Right now, web2 runs WSGI apps in threads. It'd be possible to write a wrapper that runs them in their own processes, too, but would that give any advantage vs the simple CGI->WSGI wrapper that already exists? You can just use web2's ability to run CGIs to run WSGI-in-separate-processes also.

It is my desire to enable twisted.web2 to be used to host any application in any environment, by providing a number of different deployment options and app running options.

I've been developing it somewhat under the radar, but It's getting to the point where it's fairly stable. At this point the major TODO is sitting down and writing some documentation, so I'll try to get an alpha release out soon.

Here's the high-level description from the (work-in-progress) docs:
Twisted.web2 is an asynchronous HTTP 1.1 server written for the Twisted internet framework. It provides a RFC 2616 compliant HTTP 1.1 protocol implementation, with pipelined and persistent request support, in a non-blocking threadless manner.

It also includes a simple web framework with request and response objects, static file support, error handling, form upload support, HTTP range support, pre-built parsers for all standard headers, and a bunch of other goodies.

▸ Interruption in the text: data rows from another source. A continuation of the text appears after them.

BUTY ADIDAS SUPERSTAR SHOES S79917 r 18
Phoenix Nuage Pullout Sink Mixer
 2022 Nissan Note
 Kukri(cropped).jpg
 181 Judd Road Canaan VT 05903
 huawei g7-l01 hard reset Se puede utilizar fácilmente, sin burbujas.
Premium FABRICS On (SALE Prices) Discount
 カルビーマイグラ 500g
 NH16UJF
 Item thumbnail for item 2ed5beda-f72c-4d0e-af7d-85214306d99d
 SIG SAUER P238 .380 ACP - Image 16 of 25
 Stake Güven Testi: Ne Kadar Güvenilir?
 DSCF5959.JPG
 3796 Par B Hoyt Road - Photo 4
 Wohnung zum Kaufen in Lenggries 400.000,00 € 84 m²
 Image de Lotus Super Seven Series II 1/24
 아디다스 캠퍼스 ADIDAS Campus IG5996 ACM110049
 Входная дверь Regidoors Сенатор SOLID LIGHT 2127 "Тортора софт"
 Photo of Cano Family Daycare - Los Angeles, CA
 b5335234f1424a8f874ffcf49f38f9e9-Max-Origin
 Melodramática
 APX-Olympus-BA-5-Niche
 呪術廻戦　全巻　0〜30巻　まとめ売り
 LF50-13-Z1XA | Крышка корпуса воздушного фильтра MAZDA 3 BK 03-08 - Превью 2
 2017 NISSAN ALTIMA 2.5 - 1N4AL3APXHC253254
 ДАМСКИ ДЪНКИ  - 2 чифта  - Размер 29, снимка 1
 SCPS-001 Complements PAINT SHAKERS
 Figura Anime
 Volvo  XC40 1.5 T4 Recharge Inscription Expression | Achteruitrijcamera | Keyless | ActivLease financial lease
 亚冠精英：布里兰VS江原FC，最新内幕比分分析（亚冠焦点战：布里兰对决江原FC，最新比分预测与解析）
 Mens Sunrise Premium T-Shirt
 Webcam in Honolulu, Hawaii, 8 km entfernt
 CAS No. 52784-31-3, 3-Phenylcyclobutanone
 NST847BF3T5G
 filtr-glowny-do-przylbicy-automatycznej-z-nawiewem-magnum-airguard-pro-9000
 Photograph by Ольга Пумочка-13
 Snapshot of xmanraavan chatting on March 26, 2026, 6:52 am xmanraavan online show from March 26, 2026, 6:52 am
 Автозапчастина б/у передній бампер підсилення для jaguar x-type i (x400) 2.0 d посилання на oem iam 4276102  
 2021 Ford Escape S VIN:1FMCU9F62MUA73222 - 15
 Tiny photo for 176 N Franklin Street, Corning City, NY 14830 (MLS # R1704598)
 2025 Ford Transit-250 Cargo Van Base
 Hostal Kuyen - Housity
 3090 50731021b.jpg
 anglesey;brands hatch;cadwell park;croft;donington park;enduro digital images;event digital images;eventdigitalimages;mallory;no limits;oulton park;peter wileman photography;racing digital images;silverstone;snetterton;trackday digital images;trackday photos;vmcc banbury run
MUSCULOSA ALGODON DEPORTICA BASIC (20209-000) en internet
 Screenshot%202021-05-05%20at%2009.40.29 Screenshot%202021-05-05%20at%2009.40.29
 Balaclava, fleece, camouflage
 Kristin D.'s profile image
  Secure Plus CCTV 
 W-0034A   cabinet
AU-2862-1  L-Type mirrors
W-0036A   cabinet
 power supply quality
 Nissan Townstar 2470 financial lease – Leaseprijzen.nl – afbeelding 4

It is deployable as a standard TCP or SSL web server, or as a CGI script invoked by another server. Other deployment mechanisms (such as SCGI) are planned.

In addition to running native twisted.web2 applications, it can also run any WSGI or CGI application, or, via compatibility wrappers, most applications written for the older twisted.web and nevow APIs.

Currently, twisted.web2 does not include a HTTP client or proxy, but will at a future date.

Also includes extra goodies such as automatic range support for all resources, automatic if-[un]modified-since/if-[none-]match support if you provide the proper headers, and optional automatic gzipping.